Let me say this to older people: It is not too late to be what God has called you to be. It is not too late to make a difference. It is not too late to do some great thing for God.
Paul R. Dekar writes:
I concluded by citing a story of a famous French military figure, Louis Hubert Lyautey (1854-1934). Having retired to a farm, he was into his eighties when he approached his gardener about planting an orchard. “But,” protested the gardener, “the trees will not bear fruit for twenty years.” Lyautey responded, “Then we must begin planting at once.”[3]
And there you have it. Your life, when fully given to Jesus, will produce effects that will long outlive you. Do not waste your days worrying about the end. Spend them now doing some great thing for Jesus. Like Lyautey, “begin planting at once.”
Young Women
One of the “good” things that older women are to teach is the way for younger women to love their families.
4 and so train the young women to love their husbands and children, 5 to be self-controlled, pure, working at home, kind, and submissive to their own husbands, that the word of God may not be reviled.
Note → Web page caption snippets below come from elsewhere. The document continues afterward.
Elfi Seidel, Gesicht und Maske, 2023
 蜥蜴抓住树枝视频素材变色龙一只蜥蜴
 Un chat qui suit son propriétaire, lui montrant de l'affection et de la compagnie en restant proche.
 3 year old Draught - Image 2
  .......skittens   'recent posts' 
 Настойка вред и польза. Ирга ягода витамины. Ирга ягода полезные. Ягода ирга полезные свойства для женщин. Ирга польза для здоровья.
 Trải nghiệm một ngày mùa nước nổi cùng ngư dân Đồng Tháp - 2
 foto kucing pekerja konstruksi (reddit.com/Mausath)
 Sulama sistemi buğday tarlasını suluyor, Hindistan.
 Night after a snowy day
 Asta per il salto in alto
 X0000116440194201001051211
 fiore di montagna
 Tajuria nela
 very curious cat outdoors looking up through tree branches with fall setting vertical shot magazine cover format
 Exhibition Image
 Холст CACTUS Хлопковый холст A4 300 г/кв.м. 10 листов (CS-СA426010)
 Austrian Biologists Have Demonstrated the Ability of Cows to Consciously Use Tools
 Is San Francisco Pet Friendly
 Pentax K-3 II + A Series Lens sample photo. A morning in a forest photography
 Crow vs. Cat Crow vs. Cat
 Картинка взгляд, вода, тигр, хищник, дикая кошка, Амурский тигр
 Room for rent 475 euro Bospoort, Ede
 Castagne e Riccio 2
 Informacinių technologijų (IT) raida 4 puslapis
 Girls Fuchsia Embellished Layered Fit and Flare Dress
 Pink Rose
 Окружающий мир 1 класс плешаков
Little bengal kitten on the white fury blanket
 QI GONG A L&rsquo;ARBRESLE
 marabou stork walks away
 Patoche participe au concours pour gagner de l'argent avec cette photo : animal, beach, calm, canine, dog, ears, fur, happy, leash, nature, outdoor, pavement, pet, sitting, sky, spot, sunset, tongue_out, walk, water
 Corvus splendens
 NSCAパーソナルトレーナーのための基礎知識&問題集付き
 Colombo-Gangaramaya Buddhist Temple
This is interesting. We might thing that loving one’s spouse and children is something that people just naturally know how to do. But let us remember that the church and the Christian home is anything but “natural.” Our nature is fallen. The “natural” thing is the sinful thing. No, we are to learn and grow into our redeemed nature through Christ.
Young women are to:
- love their husbands
- love their children
- be self-controlled
- be pure
- work at home
- be kind
- be submissive to their own husbands
Concerning “working at home,” this needs to be understood contextually. Paul is not saying it is a sin for a woman to have a job. In the first century, young women and wives and mothers would have been at home. Paul is telling them to conduct themselves rightly there. They are to work well in their homes. Paul is not condemning work outside the home, though we can certainly say that the New Testament would call upon parents of any age not to neglect their children in the years of their rearing. So long as children are not being neglected and are being raised well, the question of work outside the home should be one of Christian freedom.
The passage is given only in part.